The GBCA has welcomed the launch of the Victorian Government’s updated Gas Substitution Roadmap, which provides a clear step-by-step path for Victorians to move away from expensive fossil gas to cheaper, more modern electrical options.
“We applaud the Victorian Government’s commitment to lead from the front on electrification,” says the GBCA’s Chief Executive Officer Davina Rooney.
“Gas is responsible for around a third of building energy consumption in Australia, with Victoria the largest user of fossil gas in Australia, with two million households and businesses connected to the reticulated gas network.
Eliminating gas by electrifying our buildings and powering them with clean renewable energy rather than dirty fossil gas can make a big difference in a short space of time,” Ms Rooney says.
“Last year, the Victorian Government declared that all new government buildings and facilities would be all-electric from July 2023. Now, with the updated Gas Substitution Roadmap, Victorian Government agencies are encouraged to consider electrification opportunities for all existing buildings. Gas has to go, and Victoria will lead the way.”
As part of the updated Roadmap, the Victorian Energy Upgrades program has been expanded, with discounts available to support Victorians to upgrade to electric induction cooktops.

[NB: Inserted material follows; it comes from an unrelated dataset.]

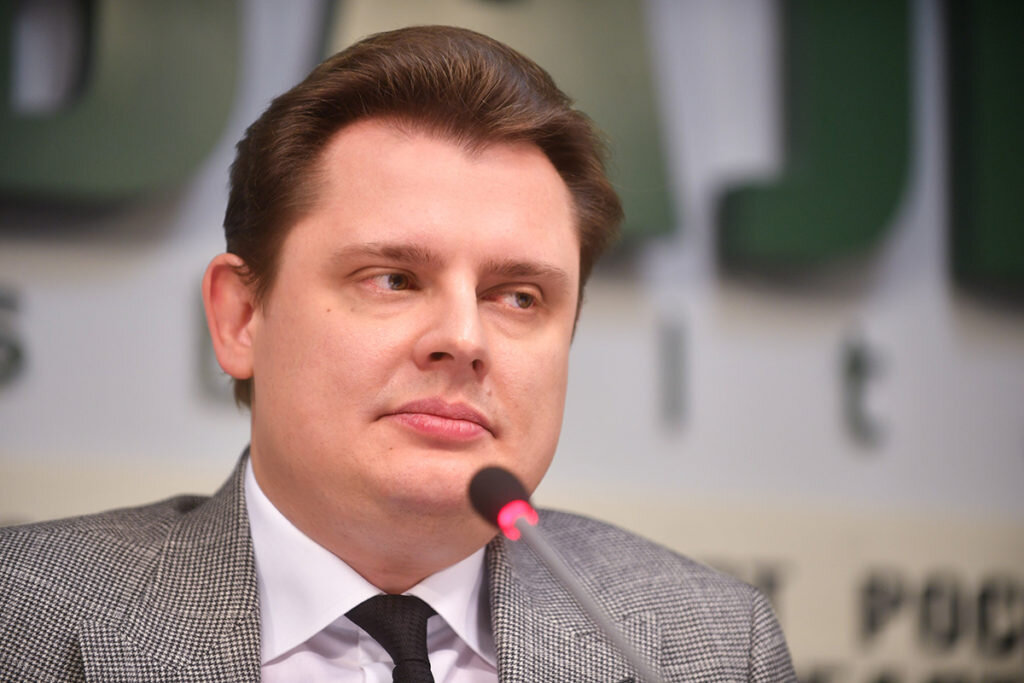 Евгений Понасенков* активно выступал на российском телевидении, засветился даже на канале "Спас", где объявил православных людьми с неустойчивой психикой. Открытый источник.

According to Victorian Government statistics, the average residential customer is now paying over $500 more for gas than they did less than two years ago, a 35 per cent increase. Existing households that choose all-electric appliances will save an estimated $1,700 a year, or up to $2,700 a year with solar installed – a 60 per cent reduction in energy bills.
The health benefits of switching from gas to induction cooktops are another positive impact of the expanded scheme. Research shows that
cooking with gas produces pollutants that can both trigger asthma symptoms, but also contribute to the development of the disease. In Australia, this is linked to 12% of the childhood asthma burden.
From 1 January 2024 all new homes that require a planning permit will not be connected to the gas network. The Victorian Government will begin consultation on the potential future expansion of this phase-out to encompass all new residential dwellings and some commercial buildings.
“Commercial buildings are an important piece of the net zero puzzle. All-electric commercial buildings are cropping up around Melbourne’s CBD – we just need more of them,” Ms Rooney says.
The Victorian Government has also flagged it will consider the costs and benefits of requiring existing gas appliances in homes and relevant commercial buildings be replaced with electric appliances when the current appliance reaches end-of-life, as well as a review of the minimum energy efficiency standards for rental homes in 2024 – both moves welcomed by the GBCA.
One of the key policy recommendations of Every Building Counts is incentives for energy efficient and electrification retrofits for existing homes, and strategies to support renters and low-income earners. We welcome consultation and action to tackle the existing building challenge, and to ensure everyone can enjoy the benefits of living in healthier, more efficient, all-electric buildings.
“While many of our industries will take time to decarbonise, the technology for buildings exists now. Most of the buildings standing today will still be operational in 2050. Victorians who remove gas from their homes now will be future proofing for tomorrow’s decarbonised world,” Ms Rooney concludes.